Dodgers among teams hoping new system can help prevent injuries
Analytics are mainstream in baseball. They have changed the way we look at the game, whether from finding hidden value in past performance (the way of Moneyball), debunking the wisdom of conventional strategy (the rate of sacrifice bunts is at an all-time low) or recently becoming a predictive strategic tool (the rise of defensive shifts). But what if analytics could prevent injuries? As performance analytics have become conventional, is biometric health the next frontier for clubs to gain an edge?

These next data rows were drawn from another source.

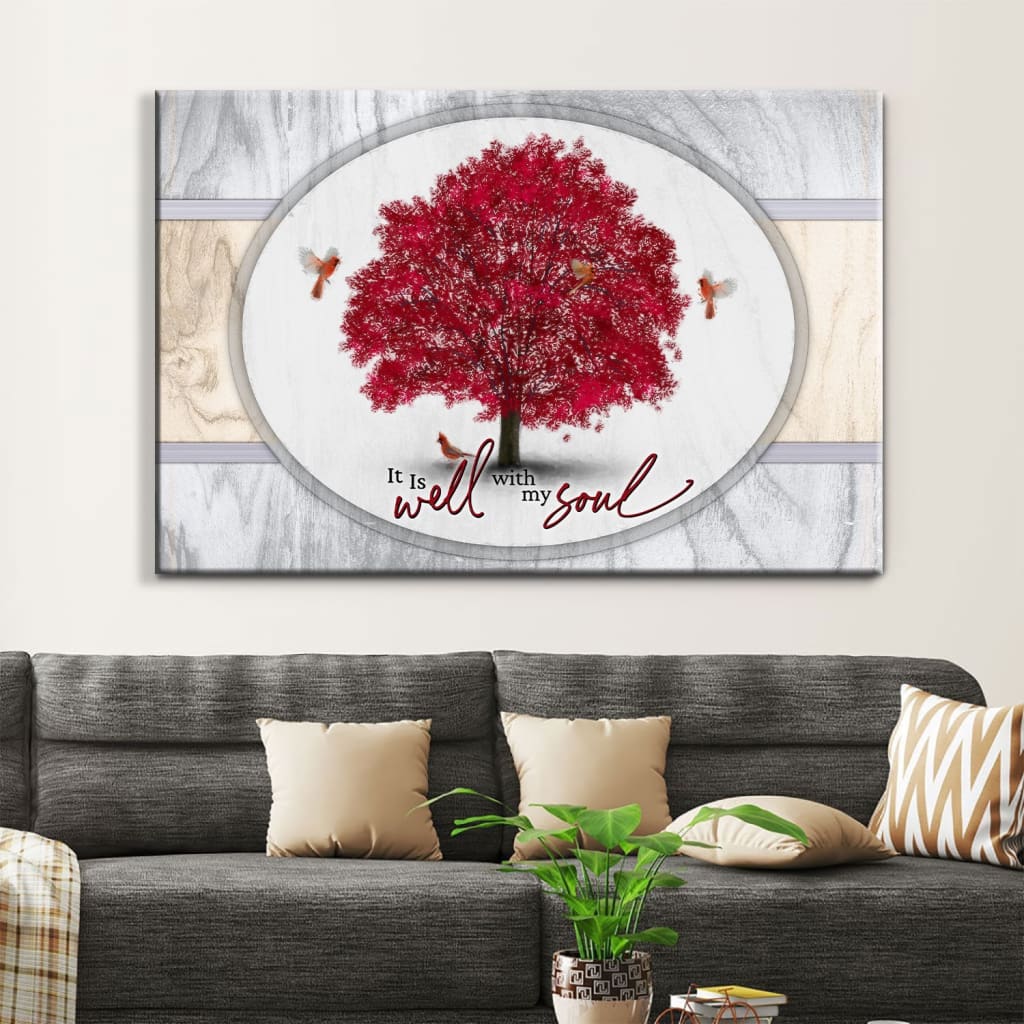 Cardinal Birds, It Is Well With My Soul Wall Art Canvas, Christian Wall Decor For Christmas - Religious Wall Decor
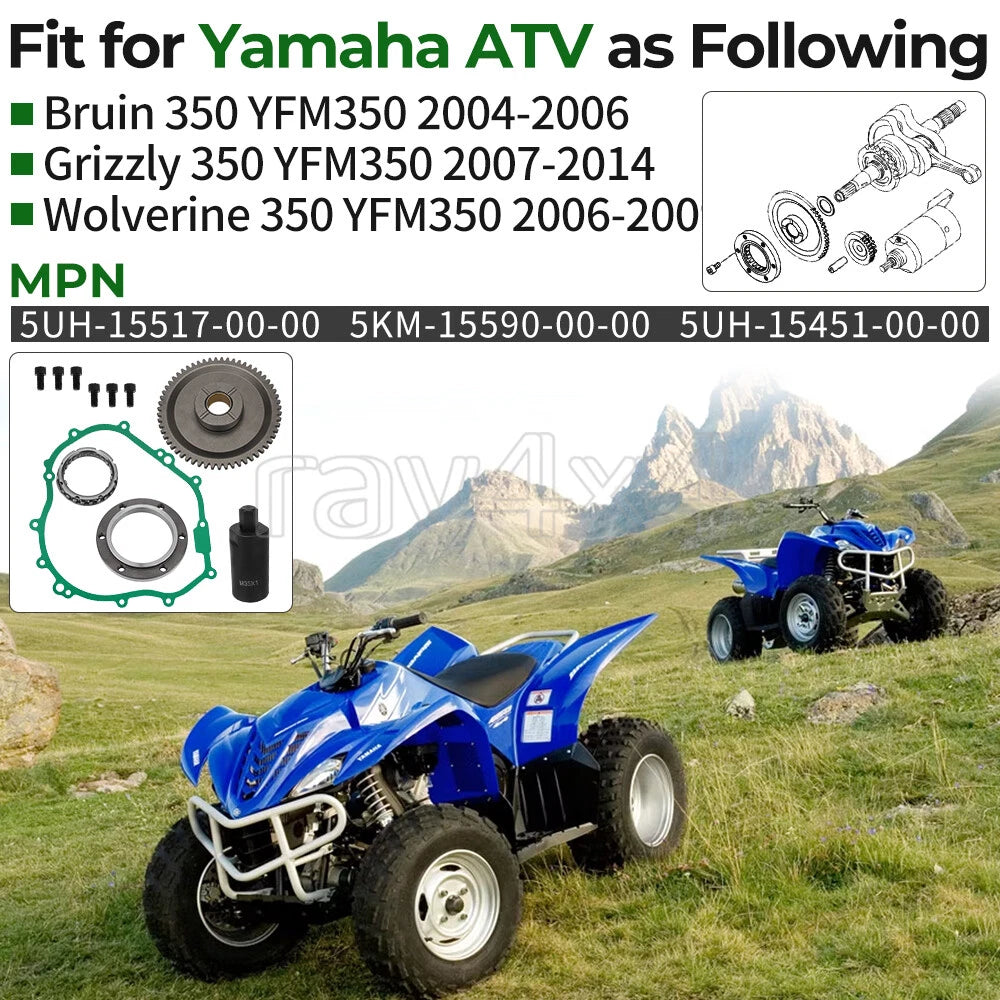Flywheel Puller Starter Clutch Gear Gasket Kit for Yamaha YFM350 (2000–2006)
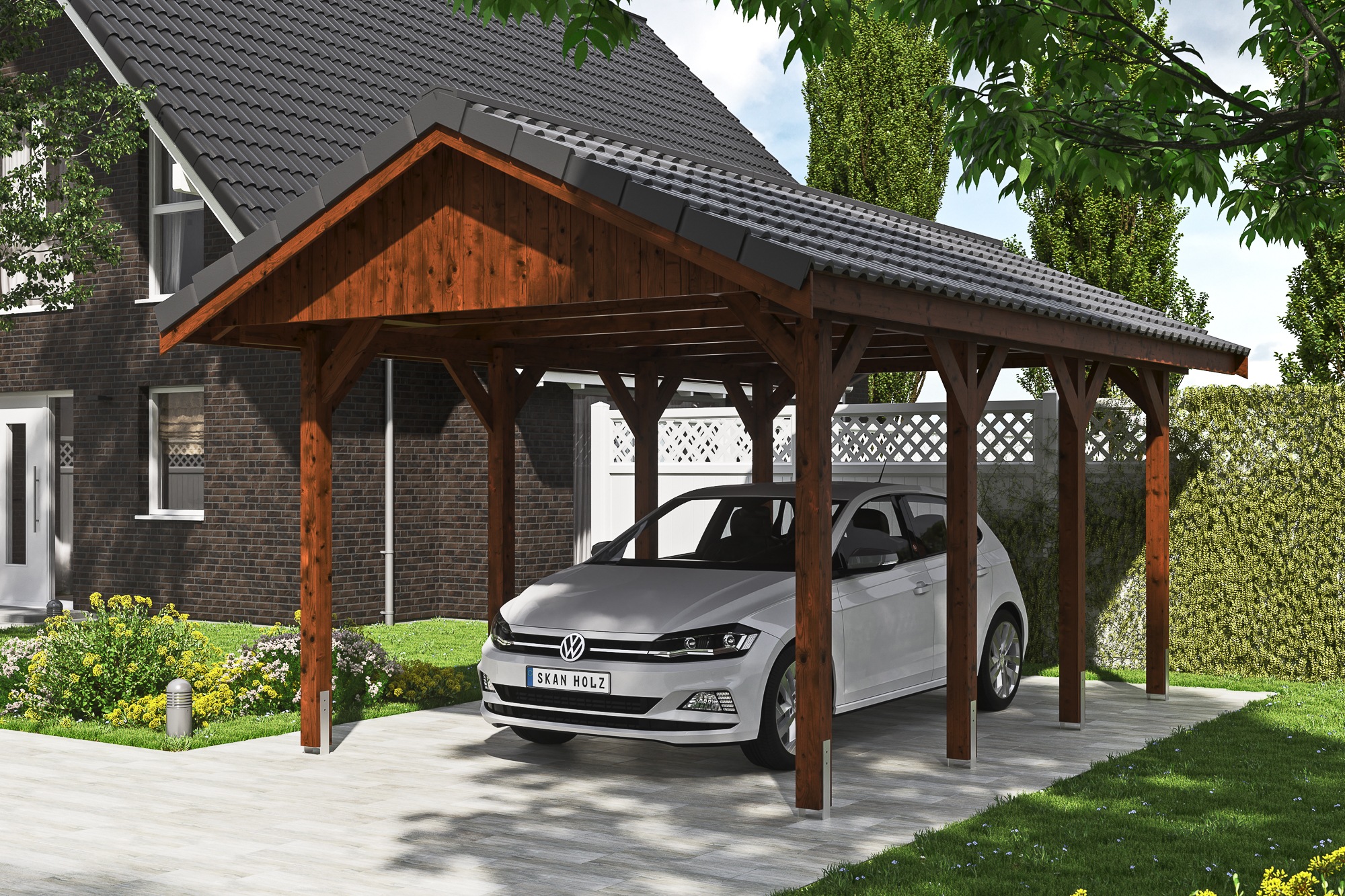 Skanholz Einzelcarport »Wallgau«, Nadelholz, 291 cm, Nussbaum, mit Dachlattung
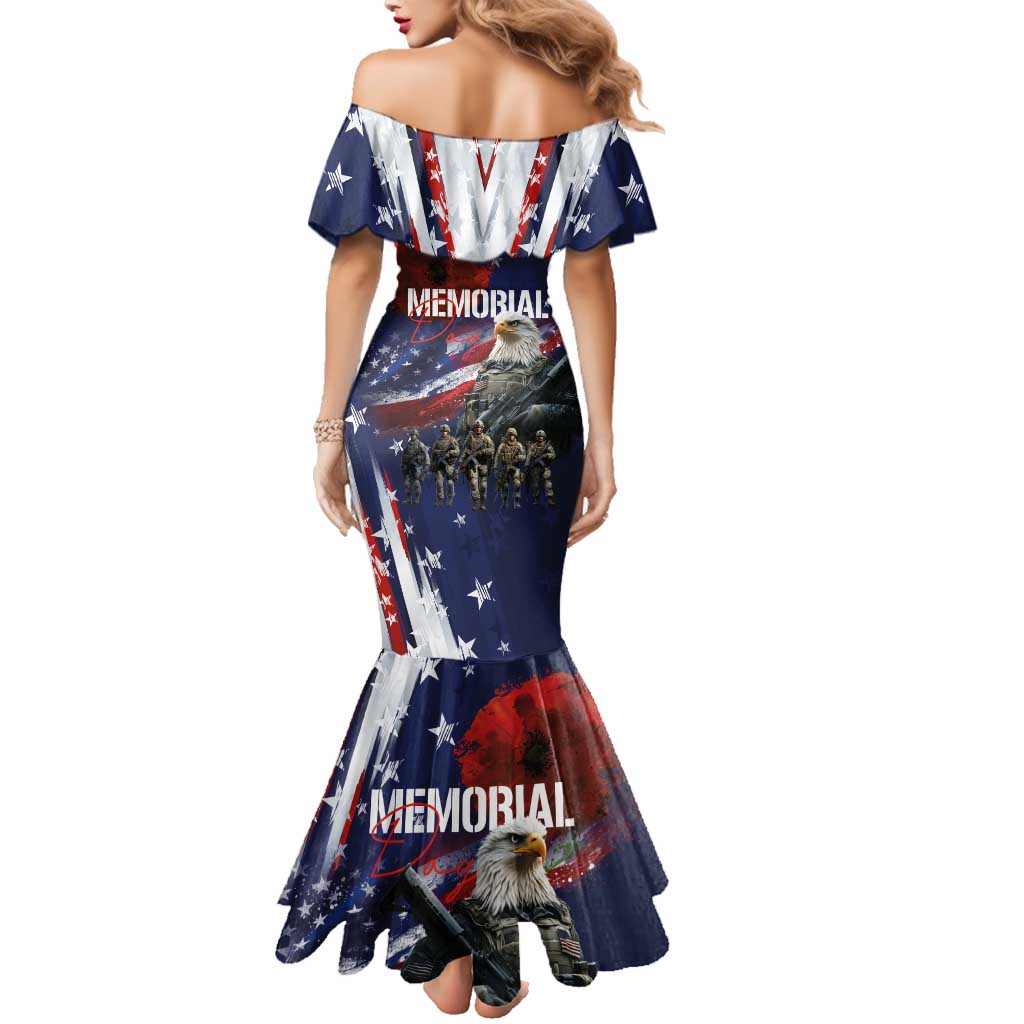 United States Memorial Day Family Matching Mermaid Dress and Hawaiian Shirt Bald Eagle US Soldier-Honor and Remember The Fallen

Imagine if three times per week every player on the team walked himself through seven or eight range-of-motion testing stations (shoulders, elbows, ankles, etc.)—all in front of a motion-capture camera, so there are no wires, electrodes or elaborate hardware. All the information is continually collected and monitored. Now imagine an app, with a dashboard-style presentation, that can alert the player and club about any changes in baseline levels of strength or range of motion—like a bank app alerting you when your balance is low.
Now also imagine that the strength training coach takes all of the players’ workout data—which used to be collected in its own “silo”—and inputs that into the same system. And now imagine that all the data collected about pitchers’ workload—every time a pitcher throws, be it in a game, warming up without getting in a game, or a side session; more info that also had been kept in its own “silo”—also gets dumped into the same system.
In a perfect world, you would have a system that could provide real data to coaching and training staffs to anticipate injuries or downturns in performance, not just relying on someone to decide, “he looks tired” or “his bat looks slow.” That’s the idea behind The Profiler, a system designed by Kitman Labs, an Irish sports technology company. It has been used by Irish rugby teams and now is being adapted for major league baseball teams. The Los Angeles Dodgers have signed on to use The Profiler, with at least two other clubs, including the San Francisco Giants, expected to follow.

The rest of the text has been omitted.